Une variante de ce jeu, destinée aux filles, est décrite par Mme de CHABREUL dans « Jeux et exercices des jeunes filles » (Hachette, 1860) :

« COLIN-MAILLARD ASSIS ET A LA BAGUETTE.
Il y a deux manières de le jouer. Dans l’une, la jeune fille qui a les yeux bandés est assise au milieu de la chambre, et elle tient le bout d’un bâton que chacune des autres vient saisir par l’autre bout en faisant quelque bruit, soit un petit cri, soit un éclat de rire ou un miaulement, en déguisant sa voix pour n’être pas reconnue. Le colin-maillard nomme chaque fois une personne, et, s’il a deviné, il cède la place à celle qui s’est trahie.
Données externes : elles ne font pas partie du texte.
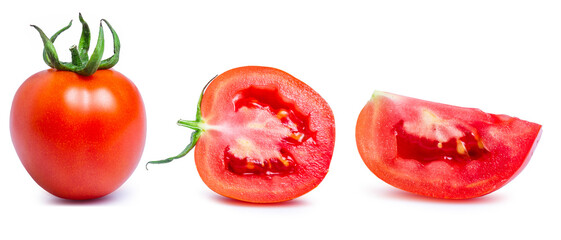 tomato isolated on white background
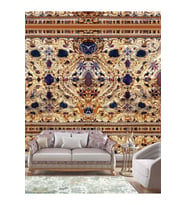 Dreamwall Sanat Desenli Isı Ve Ses Yalıtımlı  Sağlıklı Tekstil Duvar Kağıdı (Çok Renkli)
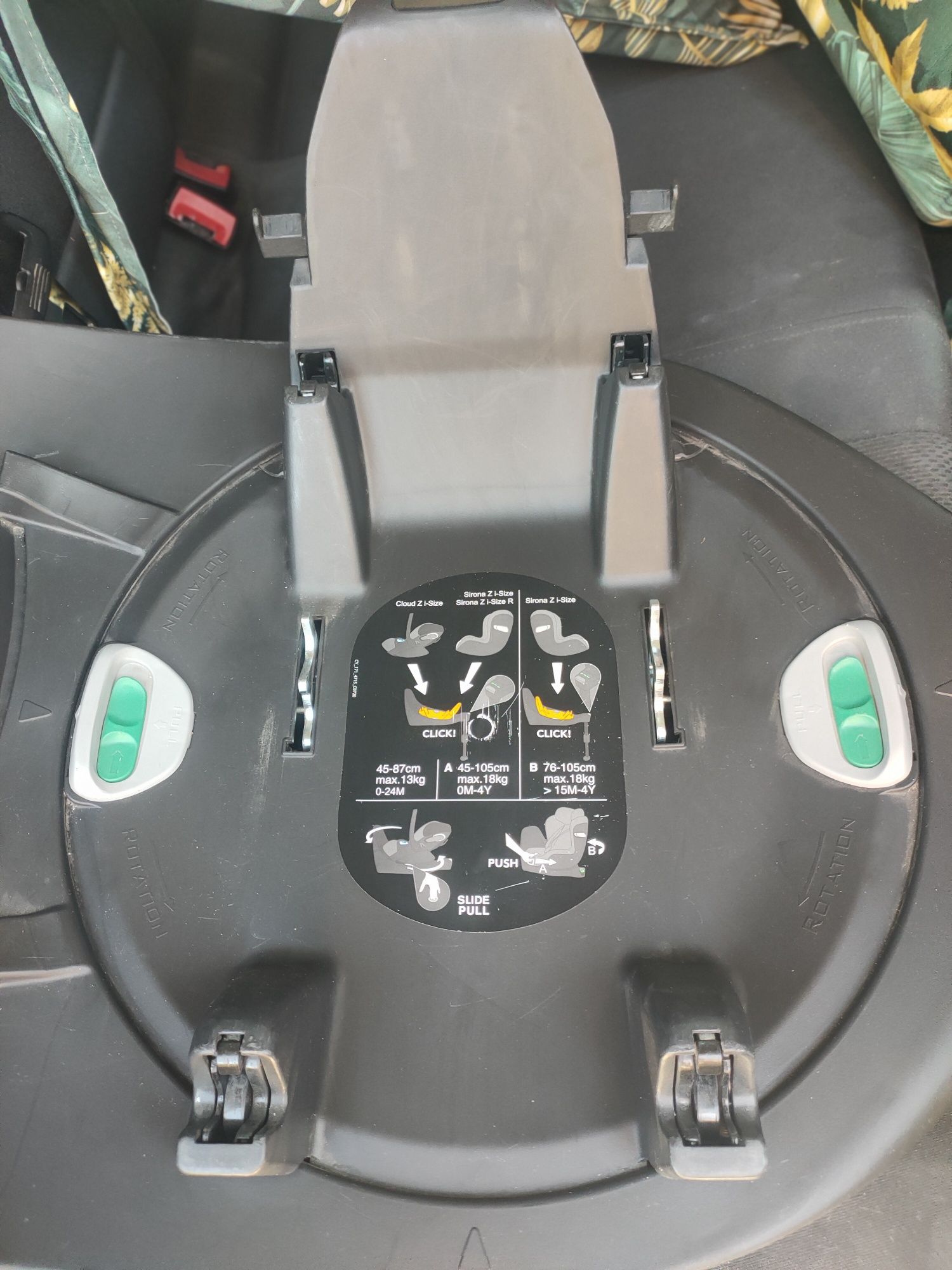 Fotelik samochodowy Cybex Strona Z I-Size 0-13 kg z bazą ISOFIX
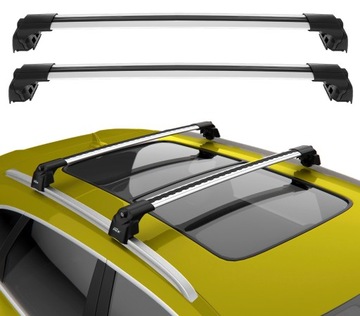 Bagażnik Alu aerodynamiczny Inter Pack Quiet IR zintegrowany 102/102 cm
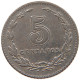 ARGENTINA 5 CENTAVOS 1909 #c040 0161 - Argentine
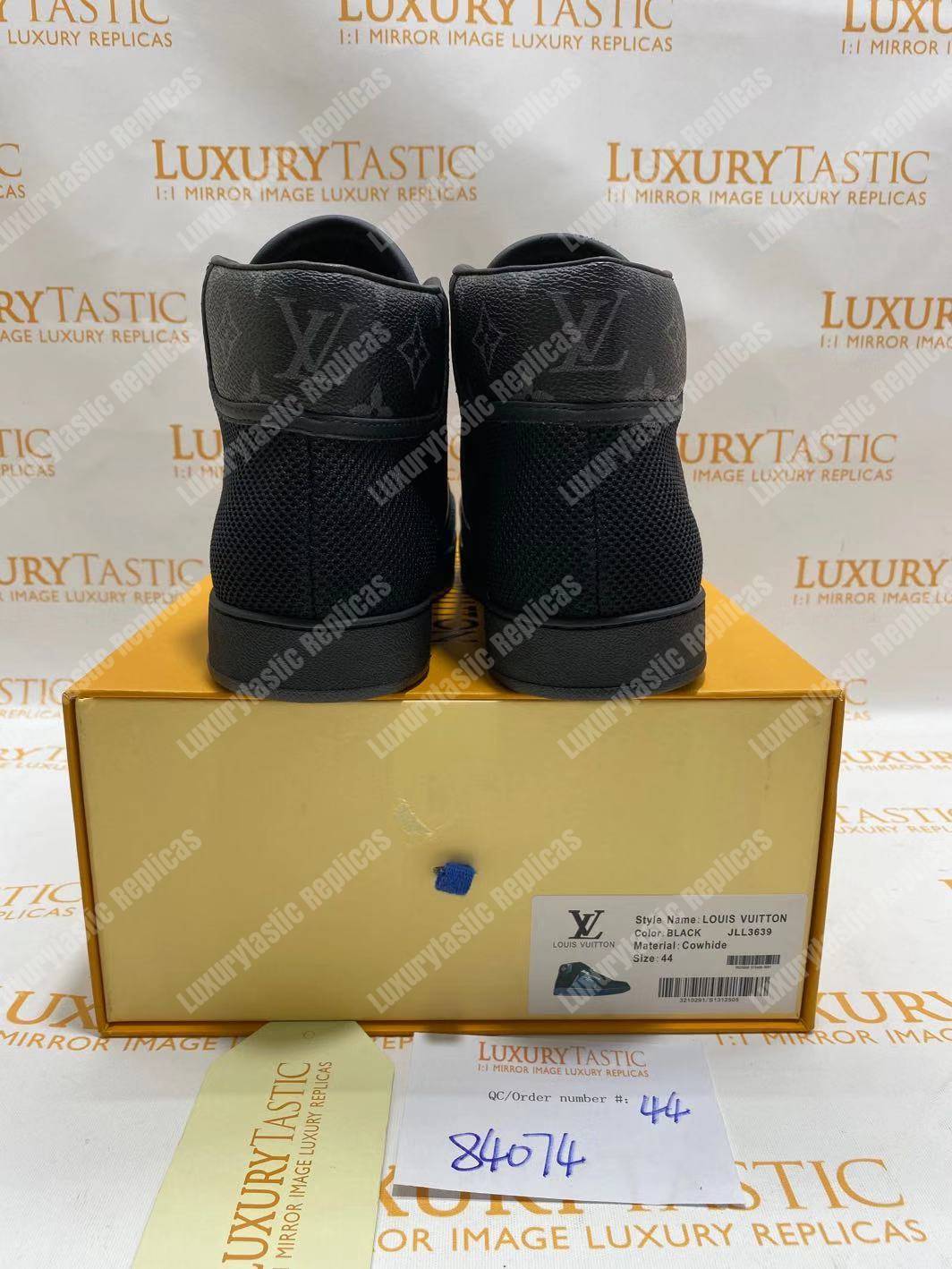 LV Rivoli Trainer Boots Black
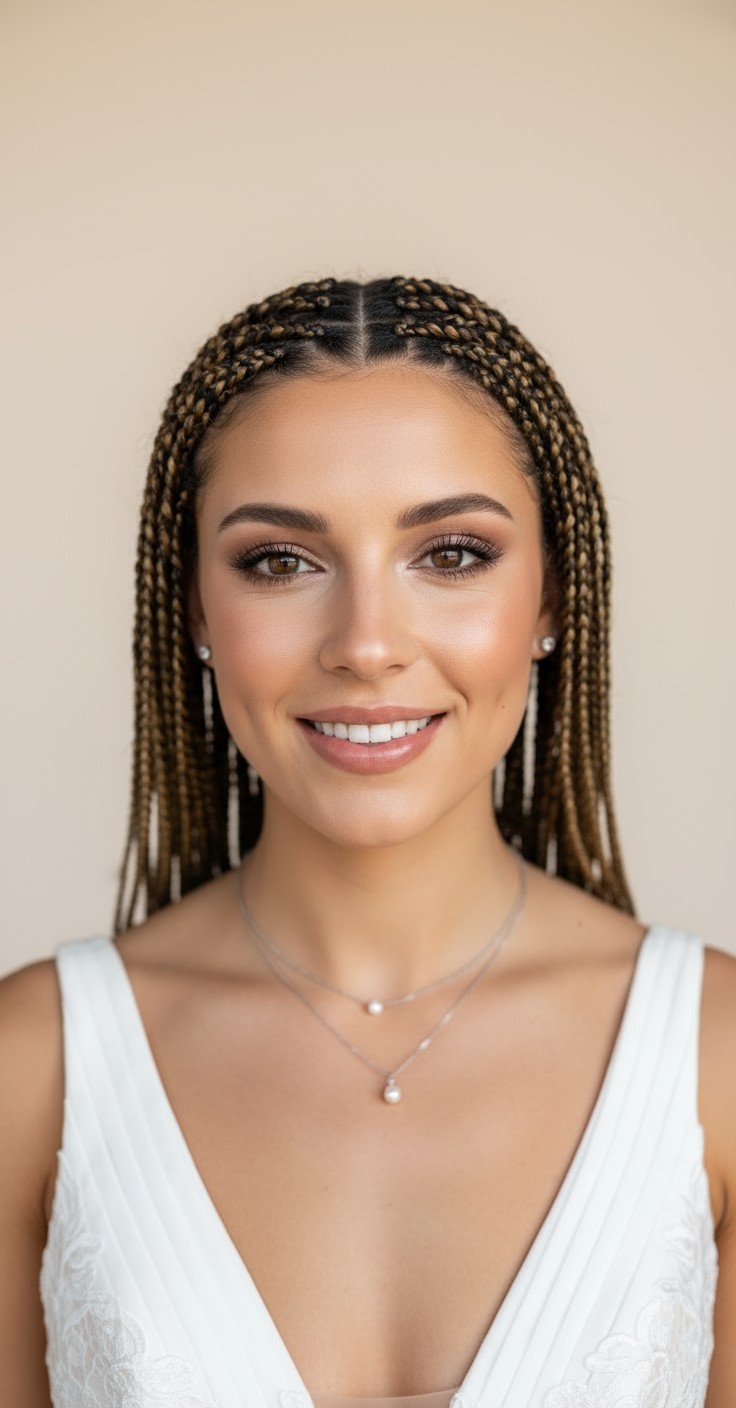 After Smedium Knotless Braids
L’autre manière ne diffère qu’en ce que le colin-maillard seul est debout ; les autres sont assis. Il tient également un bâton ou un mouchoir et en dirige le bout vers les joueurs assis en inventant de petits cris bizarres. Celui qu’il touche est obligé de saisir le bâton et de répêter les bruits comme nous l’avons expliqué plus haut. »

Ces jeux ne doivent pas être confondus avec un autre jeu pratiqué également avec un bâton et un joueur aux yeux bandés, appelé « Guillemin, baille my ma lance » ou « Saint Cosme, je te viens adorer ». Mais peut-être en était-ce une variante détournée et burlesque ? (voir les articles Le bâton merdeux et Les jeux de bâton du petit Gargantua).